LAKE SONOMA, Calif. – Led by South Pacific Division Commander Brig. Gen. Mark Toy, leaders from across the region held three days of discussion last week on a range of division operations at the San Francisco District’s Lake Sonoma -- everything from enhancing communications and team building to viewing the effects of a drought now in its fourth year and its impact on Corps environmental and fish habitat restoration projects.
The Lake Sonoma setting served as a reminder to the Regional Governance Board of how severely the drought has affected California. Discussions reflected some of the most pressing water-conservation issues facing the San Francisco, Sacramento and Los Angeles districts. The Corps is working with federal, state and local water agencies and environmental organizations along with property owners in the region to help strike a balance between preserving water levels in the lake -- a reservoir that is the source of water for some 600,000 Sonoma County residents -- while ensuring that severely reduced flows in the Russian River Basin do not threaten endangered salmon and steelhead trout with extinction for a second time.
“We know that the state is going through some unprecedented drought that we’ve never experienced,” said Gen. Toy, adding that the Corps is working with California water authorities and other stakeholders to mitigate the drought’s impact including monitoring levels in Lake Sonoma and Lake Mendocino farther to the north, as well as keeping a close eye on local Coho and Chinook salmon and trout.

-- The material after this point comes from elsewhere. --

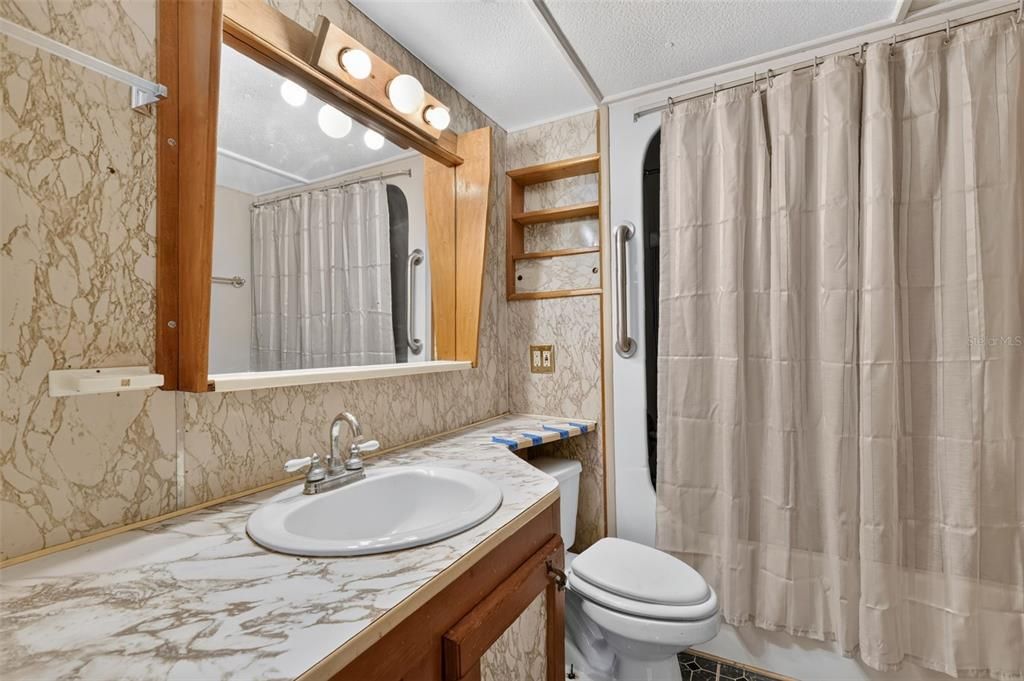 En Venta: $113,999 (2 camas, 1 baños, 676 Pies cuadrados)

“It’s a responsibility we have as a Corps to be a teammate and a partner with them. It’s clearly going to be something that’s not going away and we’re going to have to meet that challenge head on,” the general said.
MANAGING LOCAL FISH STOCKS
The nearby Russian River, which winds through the heart of California’s wine country, was once home to the region’s largest population of Coho salmon but their numbers fell to near extinction by 2001, in part because of high water flows released by Warm Springs Dam and the consequential blockage of upstream migration. On a tour of the Dry Creek tributary, San Francisco District’s Chief of Operations and Readiness Mike Dillabough briefed division leaders on a 12-year project to enhance a six-mile stretch of the creek that will provide a sanctuary for salmon and steelhead from faster moving currents.
DON CLAUSEN FISH HATCHERY
During the conference, division leaders got a close-up look at salmon at Sonoma’s Don Clausen Fish Hatchery, the only recovery hatchery north of the San Francisco Bay built to replenish self-sustaining populations of salmon in the Russian River watershed. Owned by the Corps and managed jointly with the California Department of Fish and Wildlife, the hatchery raises and releases an estimated 500,000 offspring every year. But low water levels are raising concerns that the Corps may have to step in to ensure that released salmon are not threatened again, this time by low water levels triggered by the continuing drought.

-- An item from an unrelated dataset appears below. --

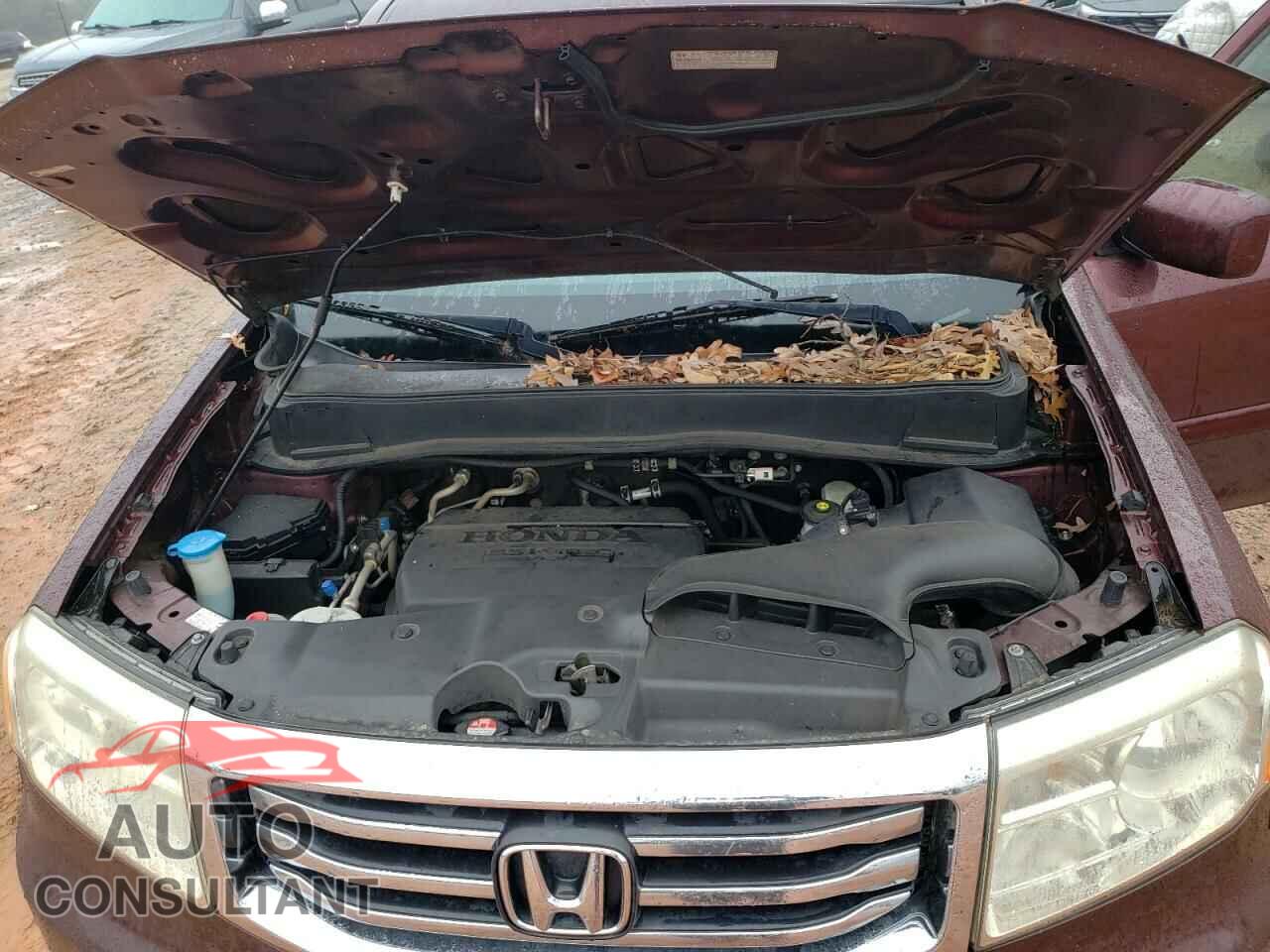HONDA PILOT 2013 - 5FNYF3H52DB018929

ABOVE ALL, TAKING CARE OF PEOPLE REMAINS TOY’S TOP CONCERN
Despite the on-going drought, Toy described the environmental challenges it poses for the Corps as just one of many issues he faces as leader of the South Pacific Division, which covers parts of 10 states across the Southwest. “I spend a lot of my time trying to deal with the higher level issues because I’ve got four great commanders and four great deputy project managers who can handle the day to day issues,” he said. Overall, he believes the face-to-face contact he had with division leaders in the relaxed setting of the Lake Sonoma resort will pay dividends. “What’s important to me is not only taking care of people who are our partners, stakeholders and sponsors but taking care of our own workforce. That’s our big challenge here.”